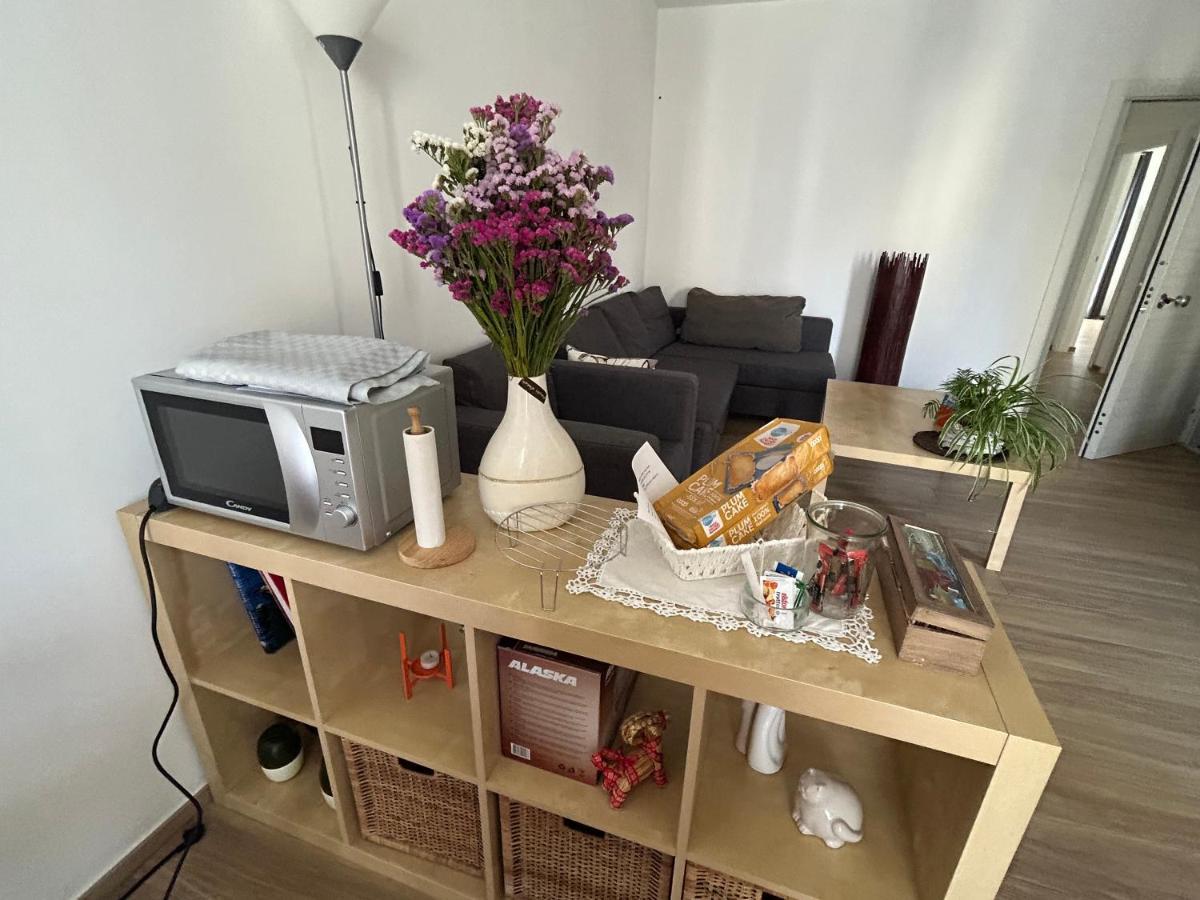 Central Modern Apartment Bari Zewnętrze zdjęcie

^^^^^^^^

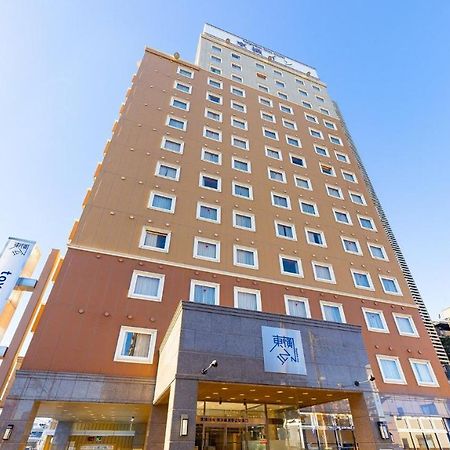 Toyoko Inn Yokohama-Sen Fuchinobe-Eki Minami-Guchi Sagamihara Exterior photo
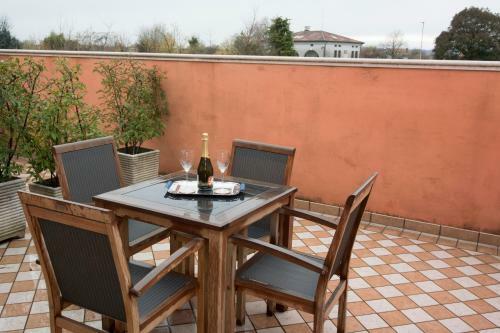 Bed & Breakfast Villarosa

^^^^^^^^

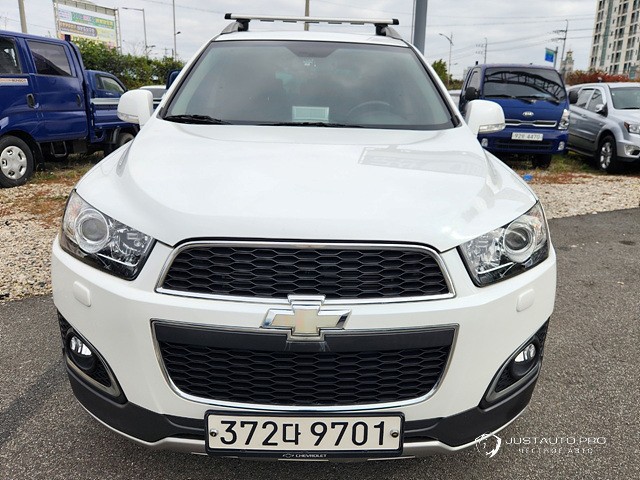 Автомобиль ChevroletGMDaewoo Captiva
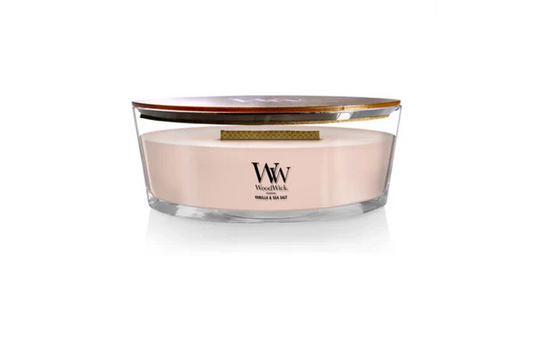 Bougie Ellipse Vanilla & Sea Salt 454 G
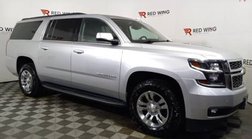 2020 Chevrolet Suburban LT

^^^^^^^^

Excluding any pictures, print exactly the lines of the listing above from the line with "Toyoko Inn Yokohama-Sen" to the line with "Bed & Breakfast Villarosa", both ends included.

Problem solution
 Toyoko Inn Yokohama-Sen Fuchinobe-Eki Minami-Guchi Sagamihara Exterior photo
 Bed & Breakfast Villarosa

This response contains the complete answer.